Monza forza 5, superate le Dune dello Spezia

Il Monza batte il cinque, all’americana, allineato con la nuova proprietà a stelle e strisce: “Give me five”, con 5 trionfi a misurare lo spessore di un gruppo programmato per vincere.

Più tipologie di gioco in un unico football, avvicendato e sostenibile, sempre intenso ed efficace. 

Da inizio stagione il Monza si è adeguato alla categoria e agli avversari, imparando a sporcarsi le mani e a lottare su ogni pallone, con una mentalità propositiva che sposa il coraggio e dissolve la paura. 

Perché come dice Paul Atreides: “la paura uccide la mente”. Un dialogo estratto da Dune di David Lynch, film che narra il conflitto tra due dinastie - Atreides e Harkonnen - per il controllo di Arrakis, unico pianeta in cui si trova una sostanza preziosa: il Melange, conosciuto anche come “spezia”. 

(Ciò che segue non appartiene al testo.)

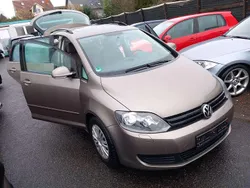 Kaschmirbraun metallic Gebraucht 2010 VW Golf Plus Cross Van / Kleinbus | 5.800 € (Fairer Preis)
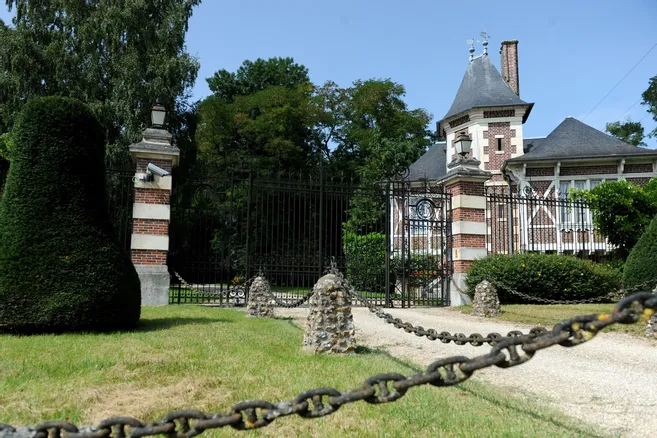 L'acteur Alain Delon déclare à un journal suisse qu'il veut vendre sa  propriété de Douchy dans le Loiret - La République du Centre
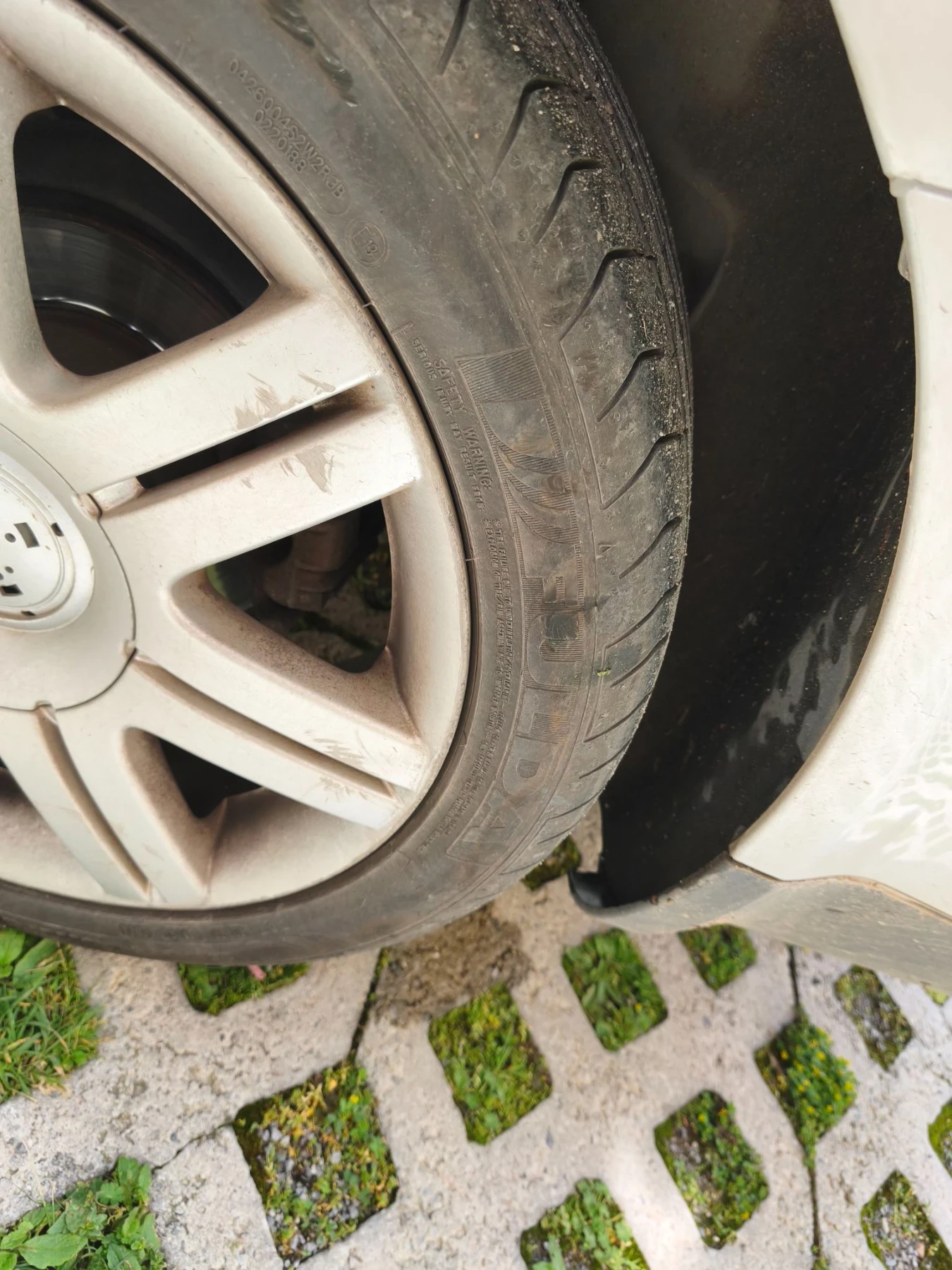 VW Passat 1.9 tdi, снимка 7 - Автомобили и джипове - 55836899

Dalla spezia al club spezzino, da Arrakis all'U-Power Stadium, i brianzoli trasformano la fantascienza in realtà con una prova di forza: muscolare, arrembante, a tratti spettacolare e di spessore. Una partita a senso unico, in cui la squadra di Bianco costruisce occasioni e amministra il gioco, senza subire tiri in porta dai liguri.

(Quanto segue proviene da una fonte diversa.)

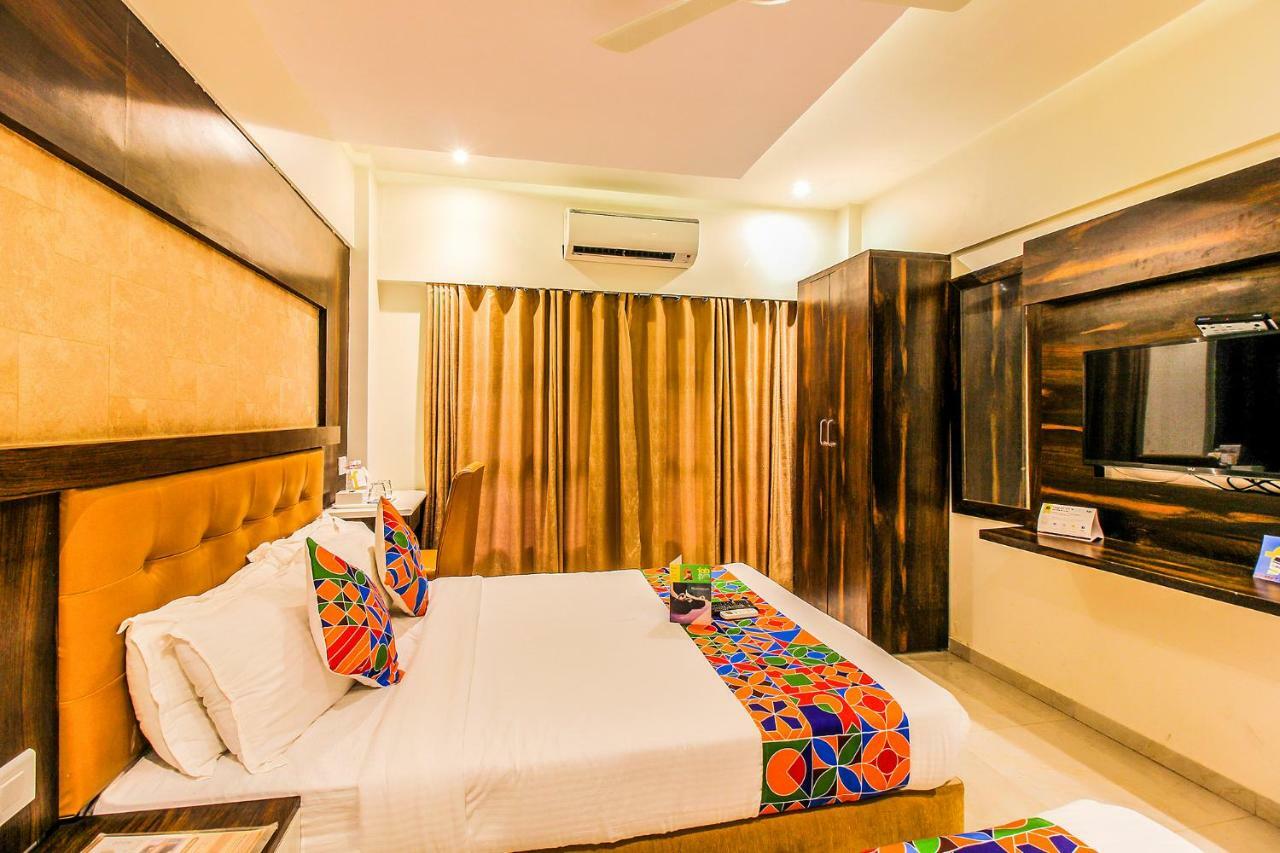 Fabhotel Plus Embassy Park Mumbai Bagian luar foto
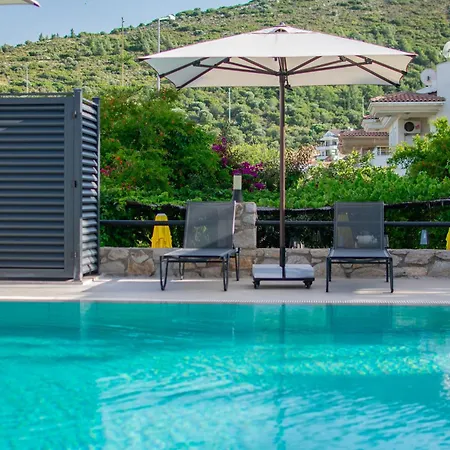 Aparthotel Oezguem 4*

Se col Catanzaro è arrivata la vittoria della svolta, a Frosinone quella della consapevolezza, poi la prova del 9 con la Reggiana e l’esame di maturità a Palermo, contro lo Spezia il Monza piazza la zampata della conferma, vincendo una partita difficile, da squadra unita e compatta, centrata nel gioco e nell'identità, conscia del percorso da fare e dell’obiettivo da raggiungere.

Domenica 9 novembre 2025 alle 17.15 c’è il Pescara: una trasferta insidiosa che darà al Monza la possibilità di invertire il trend negativo contro le neopromosse (Avellino e Padova, due sconfitte) e chiudere al meglio il miniciclo che precede la terza sosta delle Nazionali.
Avanti così, con il fuoco negli occhi, il cuore da leone e grande umiltà, tenendo a mente un motto dialettale che sintetizza il corretto modus operandi: Vula bass e schiva i sas”.